Cláudia Dias
Consultora de Recursos Humanos na Frederico Mendes & Associados
Logo após a minha entrada no mercado do trabalho, numa das leituras sobre o tema dos recursos humanos, encontrei uma frase que fiz questão de anotar e recordar:
“Uma melhoria significativa de 30 práticas chave de gestão de recursos humanos está associada a um aumento de cerca de 30% do valor de mercado da empresa.“, Staring (2001)
Naquele dia, ao ler esta breve expressão, senti que um tema que muitas vezes era visto como uma fonte de custos para as empresas, deveria (e merecia) ser abordado de outra forma, realçando a sua importância e fazendo denotar o seu valor para o sucesso económico da organização. Nesse mesmo livro, era referido que estas práticas poderiam ser agrupadas em quatro fatores:
. Excelência do recrutamento
A verdade é que as empresas têm de equilibrar três prioridades principais quando estão a admitir talento: a eficácia da admissão, a eficiência do recrutamento e a experiência do candidato. É uma dificuldade conseguir as três ao mesmo tempo, e, assim, demasiadas vezes achamos que uma das dimensões tem mais peso. Algumas são mais óbvias: abreviar etapas para obter maior eficiência compromete a qualidade das decisões de admissão e a experiência do candidato. No entanto, quando as organizações só pensam em tomar decisões eficazes de admissão, isso é igualmente perigoso. São adicionadas mais etapas ao processo, o que faz com que muitas vezes sejam abordados os mesmos tópicos. Quando isto acontece, não pode ser uma surpresa se o candidato que é importante para a empresa desiste do processo e encontra, entretanto, outra oportunidade.

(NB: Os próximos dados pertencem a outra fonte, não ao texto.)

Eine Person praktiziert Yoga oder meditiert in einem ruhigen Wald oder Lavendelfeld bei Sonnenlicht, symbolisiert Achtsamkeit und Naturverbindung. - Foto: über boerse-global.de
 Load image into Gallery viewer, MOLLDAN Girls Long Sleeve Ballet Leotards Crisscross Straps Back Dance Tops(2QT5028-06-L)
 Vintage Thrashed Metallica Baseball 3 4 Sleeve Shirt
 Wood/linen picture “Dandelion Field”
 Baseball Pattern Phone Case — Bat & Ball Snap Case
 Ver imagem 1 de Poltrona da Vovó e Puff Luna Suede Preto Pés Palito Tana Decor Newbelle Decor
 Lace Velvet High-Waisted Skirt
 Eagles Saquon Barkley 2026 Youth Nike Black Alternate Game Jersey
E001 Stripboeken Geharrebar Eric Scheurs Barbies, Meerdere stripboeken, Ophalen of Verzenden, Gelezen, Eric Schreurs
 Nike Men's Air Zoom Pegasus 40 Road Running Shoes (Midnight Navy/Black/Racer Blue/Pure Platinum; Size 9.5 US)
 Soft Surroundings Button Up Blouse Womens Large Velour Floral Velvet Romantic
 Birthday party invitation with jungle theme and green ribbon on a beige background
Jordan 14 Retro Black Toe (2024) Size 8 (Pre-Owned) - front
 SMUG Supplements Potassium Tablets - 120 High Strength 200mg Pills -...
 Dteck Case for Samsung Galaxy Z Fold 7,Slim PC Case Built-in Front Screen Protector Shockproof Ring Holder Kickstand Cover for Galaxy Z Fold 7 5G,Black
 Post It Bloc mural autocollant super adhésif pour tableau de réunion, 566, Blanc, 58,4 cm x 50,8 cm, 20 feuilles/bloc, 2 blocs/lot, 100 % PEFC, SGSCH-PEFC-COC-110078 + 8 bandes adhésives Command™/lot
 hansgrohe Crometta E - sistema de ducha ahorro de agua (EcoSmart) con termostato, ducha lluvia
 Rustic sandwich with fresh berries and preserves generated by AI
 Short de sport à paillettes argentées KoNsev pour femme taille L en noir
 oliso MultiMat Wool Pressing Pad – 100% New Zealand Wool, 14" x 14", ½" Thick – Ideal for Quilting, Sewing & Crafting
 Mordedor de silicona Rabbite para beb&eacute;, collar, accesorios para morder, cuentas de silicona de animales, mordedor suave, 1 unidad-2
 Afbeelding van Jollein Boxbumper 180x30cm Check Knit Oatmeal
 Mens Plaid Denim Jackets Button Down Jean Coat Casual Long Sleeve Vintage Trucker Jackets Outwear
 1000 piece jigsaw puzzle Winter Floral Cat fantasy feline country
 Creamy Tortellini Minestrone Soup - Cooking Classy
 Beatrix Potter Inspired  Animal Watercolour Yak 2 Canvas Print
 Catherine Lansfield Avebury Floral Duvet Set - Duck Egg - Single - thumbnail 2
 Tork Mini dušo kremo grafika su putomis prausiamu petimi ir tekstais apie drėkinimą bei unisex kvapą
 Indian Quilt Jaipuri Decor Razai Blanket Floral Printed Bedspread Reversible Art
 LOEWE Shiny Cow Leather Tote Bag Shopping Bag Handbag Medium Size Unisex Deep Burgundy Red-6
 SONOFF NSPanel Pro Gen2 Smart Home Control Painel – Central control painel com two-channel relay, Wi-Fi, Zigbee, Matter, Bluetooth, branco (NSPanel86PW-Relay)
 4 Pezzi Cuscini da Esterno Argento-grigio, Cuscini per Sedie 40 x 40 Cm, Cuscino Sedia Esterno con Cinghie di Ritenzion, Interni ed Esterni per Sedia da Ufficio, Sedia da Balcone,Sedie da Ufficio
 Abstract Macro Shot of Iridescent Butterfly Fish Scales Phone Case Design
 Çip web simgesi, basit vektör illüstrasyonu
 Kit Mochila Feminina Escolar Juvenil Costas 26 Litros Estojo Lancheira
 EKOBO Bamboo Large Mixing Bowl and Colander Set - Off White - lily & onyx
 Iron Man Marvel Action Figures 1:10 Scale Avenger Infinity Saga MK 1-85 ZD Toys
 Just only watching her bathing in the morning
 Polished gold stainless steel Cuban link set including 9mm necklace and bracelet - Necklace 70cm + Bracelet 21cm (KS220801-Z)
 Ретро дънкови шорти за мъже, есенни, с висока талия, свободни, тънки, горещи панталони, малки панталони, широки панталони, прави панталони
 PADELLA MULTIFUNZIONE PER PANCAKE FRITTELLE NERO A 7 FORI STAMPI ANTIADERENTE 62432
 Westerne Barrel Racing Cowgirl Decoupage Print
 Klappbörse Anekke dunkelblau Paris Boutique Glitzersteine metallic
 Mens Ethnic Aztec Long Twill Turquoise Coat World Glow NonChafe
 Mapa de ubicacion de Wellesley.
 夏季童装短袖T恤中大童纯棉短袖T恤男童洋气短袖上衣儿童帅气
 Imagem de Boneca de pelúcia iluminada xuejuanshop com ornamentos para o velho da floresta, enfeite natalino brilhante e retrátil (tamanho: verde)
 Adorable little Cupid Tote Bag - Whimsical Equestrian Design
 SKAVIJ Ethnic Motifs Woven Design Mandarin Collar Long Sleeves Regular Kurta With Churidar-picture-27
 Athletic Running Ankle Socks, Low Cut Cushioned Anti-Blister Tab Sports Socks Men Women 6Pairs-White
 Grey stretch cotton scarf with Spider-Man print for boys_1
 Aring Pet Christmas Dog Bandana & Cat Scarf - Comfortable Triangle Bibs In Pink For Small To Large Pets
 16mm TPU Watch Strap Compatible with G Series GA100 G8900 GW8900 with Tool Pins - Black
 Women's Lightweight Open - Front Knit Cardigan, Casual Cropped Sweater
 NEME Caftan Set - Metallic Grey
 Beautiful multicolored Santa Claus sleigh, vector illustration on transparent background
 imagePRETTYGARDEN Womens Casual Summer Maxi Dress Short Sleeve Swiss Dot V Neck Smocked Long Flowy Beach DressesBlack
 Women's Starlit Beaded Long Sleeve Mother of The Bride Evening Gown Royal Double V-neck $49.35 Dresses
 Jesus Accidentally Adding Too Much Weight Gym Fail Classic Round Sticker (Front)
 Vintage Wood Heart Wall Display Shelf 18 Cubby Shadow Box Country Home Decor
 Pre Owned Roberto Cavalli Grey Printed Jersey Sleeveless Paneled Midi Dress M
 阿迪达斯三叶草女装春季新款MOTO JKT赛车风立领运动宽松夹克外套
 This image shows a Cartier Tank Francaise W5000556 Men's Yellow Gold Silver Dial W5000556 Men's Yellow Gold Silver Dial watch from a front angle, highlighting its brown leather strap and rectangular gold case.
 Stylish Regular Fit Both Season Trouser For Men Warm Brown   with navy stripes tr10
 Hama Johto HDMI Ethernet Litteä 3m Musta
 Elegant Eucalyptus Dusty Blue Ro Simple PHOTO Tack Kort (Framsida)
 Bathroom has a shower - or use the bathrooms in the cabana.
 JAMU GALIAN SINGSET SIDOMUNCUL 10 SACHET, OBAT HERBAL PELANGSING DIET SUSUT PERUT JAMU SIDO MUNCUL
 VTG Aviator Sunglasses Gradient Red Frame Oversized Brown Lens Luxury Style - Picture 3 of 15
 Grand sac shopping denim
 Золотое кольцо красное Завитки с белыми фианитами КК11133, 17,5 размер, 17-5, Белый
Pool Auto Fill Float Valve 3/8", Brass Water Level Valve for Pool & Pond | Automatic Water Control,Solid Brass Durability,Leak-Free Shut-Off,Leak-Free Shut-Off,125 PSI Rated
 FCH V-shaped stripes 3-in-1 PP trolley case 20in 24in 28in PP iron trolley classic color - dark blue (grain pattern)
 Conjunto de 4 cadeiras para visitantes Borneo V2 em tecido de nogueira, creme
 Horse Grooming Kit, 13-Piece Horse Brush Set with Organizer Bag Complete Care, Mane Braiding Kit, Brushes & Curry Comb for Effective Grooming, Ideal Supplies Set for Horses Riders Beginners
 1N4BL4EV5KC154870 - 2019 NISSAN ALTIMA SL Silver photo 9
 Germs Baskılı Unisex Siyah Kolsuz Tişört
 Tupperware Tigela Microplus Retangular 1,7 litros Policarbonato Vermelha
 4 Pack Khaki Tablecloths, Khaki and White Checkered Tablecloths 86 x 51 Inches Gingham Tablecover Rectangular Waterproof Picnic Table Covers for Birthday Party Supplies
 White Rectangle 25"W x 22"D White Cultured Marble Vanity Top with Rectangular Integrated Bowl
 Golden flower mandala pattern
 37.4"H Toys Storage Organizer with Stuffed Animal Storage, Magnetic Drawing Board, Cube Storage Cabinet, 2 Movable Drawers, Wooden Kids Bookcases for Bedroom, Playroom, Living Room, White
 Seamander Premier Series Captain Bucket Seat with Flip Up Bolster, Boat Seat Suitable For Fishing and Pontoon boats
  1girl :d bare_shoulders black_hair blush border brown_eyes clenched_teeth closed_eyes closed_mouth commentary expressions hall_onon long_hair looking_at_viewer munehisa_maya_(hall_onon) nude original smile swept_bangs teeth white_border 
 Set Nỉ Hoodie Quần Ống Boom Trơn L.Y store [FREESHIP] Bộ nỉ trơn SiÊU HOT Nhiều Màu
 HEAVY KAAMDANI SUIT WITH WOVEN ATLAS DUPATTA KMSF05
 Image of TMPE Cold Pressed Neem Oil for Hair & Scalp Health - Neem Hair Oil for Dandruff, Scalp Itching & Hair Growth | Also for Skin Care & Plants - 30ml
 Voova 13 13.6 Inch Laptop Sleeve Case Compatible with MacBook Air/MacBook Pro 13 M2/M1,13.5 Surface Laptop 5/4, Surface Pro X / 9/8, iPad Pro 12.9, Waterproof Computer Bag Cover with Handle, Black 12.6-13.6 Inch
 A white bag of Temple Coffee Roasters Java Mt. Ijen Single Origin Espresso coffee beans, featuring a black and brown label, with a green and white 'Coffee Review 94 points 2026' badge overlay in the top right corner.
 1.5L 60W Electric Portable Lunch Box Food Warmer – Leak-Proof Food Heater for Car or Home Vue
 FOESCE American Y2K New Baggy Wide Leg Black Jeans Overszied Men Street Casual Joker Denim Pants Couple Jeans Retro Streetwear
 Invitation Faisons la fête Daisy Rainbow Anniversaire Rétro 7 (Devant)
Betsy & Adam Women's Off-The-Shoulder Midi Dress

. Clareza na retribuição e responsabilização
Todos os colaboradores devem identificar claramente a sua função e entender as suas responsabilidades. Apenas deste modo o colaborador terá consciência do que é certo e errado fazer, e entenderá qual o “caminho” a seguir para o seu sucesso organizacional. No que se refere à retribuição, esta deverá ser competitiva relativamente às remunerações de mercado para a mesma função e ainda ser ligada ao seu desempenho e adequada ao valor relativo da sua função face a outras da empresa.
. Flexibilidade e participação no local de trabalho
Dispor de uma estratégia flexível de recursos humanos e disponível para a mudança é um fator cada vez mais diferenciador entre as organizações. Assim, a participação dos colaboradores deve ser potenciada através da otimização do seu potencial. Já refletiu que a rigidez de horários, postos de trabalho e funções pode ser mais limitadora do que benéfica?
. Integridade nas comunicações
Problemas de comunicação são uma prática perigosíssima das organizações. Lembre-se sempre que não deve ser tomada qualquer ação que não consiga (e não seja) comunicada claramente aos seus colaboradores. Deste modo, não existirão conflitos motivados por mal entendidos e informação cruzada.